Materials provided –
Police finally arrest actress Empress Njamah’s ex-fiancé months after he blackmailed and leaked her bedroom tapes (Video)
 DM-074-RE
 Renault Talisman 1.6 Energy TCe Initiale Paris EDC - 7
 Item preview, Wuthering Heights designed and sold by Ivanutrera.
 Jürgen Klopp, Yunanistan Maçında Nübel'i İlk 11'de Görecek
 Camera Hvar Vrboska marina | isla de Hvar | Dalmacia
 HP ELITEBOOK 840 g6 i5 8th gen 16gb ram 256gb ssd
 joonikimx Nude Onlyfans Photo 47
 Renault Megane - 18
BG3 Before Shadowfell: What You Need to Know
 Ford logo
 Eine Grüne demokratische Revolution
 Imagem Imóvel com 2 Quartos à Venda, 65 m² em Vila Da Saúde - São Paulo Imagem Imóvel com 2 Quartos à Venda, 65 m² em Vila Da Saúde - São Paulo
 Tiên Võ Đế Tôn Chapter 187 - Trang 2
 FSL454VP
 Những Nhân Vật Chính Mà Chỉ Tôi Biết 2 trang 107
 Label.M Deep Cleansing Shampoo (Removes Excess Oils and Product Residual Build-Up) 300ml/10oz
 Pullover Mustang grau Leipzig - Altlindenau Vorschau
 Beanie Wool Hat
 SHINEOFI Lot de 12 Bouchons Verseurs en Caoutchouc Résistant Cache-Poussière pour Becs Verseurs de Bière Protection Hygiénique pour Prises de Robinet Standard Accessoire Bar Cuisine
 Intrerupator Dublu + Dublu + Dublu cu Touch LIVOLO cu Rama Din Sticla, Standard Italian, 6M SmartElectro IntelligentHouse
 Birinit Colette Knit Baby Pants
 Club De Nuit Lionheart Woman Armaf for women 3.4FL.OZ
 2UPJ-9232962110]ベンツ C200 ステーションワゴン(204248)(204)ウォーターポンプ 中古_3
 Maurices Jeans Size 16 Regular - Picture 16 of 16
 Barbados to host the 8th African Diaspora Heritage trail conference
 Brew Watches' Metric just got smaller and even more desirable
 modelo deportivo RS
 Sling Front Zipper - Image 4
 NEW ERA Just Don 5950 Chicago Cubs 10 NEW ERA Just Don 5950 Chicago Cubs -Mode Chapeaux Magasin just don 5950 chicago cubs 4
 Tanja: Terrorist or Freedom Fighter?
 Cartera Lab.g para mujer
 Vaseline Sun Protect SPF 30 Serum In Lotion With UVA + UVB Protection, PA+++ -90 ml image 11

Task instructions –
Set down exactly the lines that begin with the one containing "modelo deportivo RS" and end with the last line above, and no others.

Response area –
 modelo deportivo RS
 Sling Front Zipper - Image 4
 NEW ERA Just Don 5950 Chicago Cubs 10 NEW ERA Just Don 5950 Chicago Cubs -Mode Chapeaux Magasin just don 5950 chicago cubs 4
 Tanja: Terrorist or Freedom Fighter?
 Cartera Lab.g para mujer
 Vaseline Sun Protect SPF 30 Serum In Lotion With UVA + UVB Protection, PA+++ -90 ml image 11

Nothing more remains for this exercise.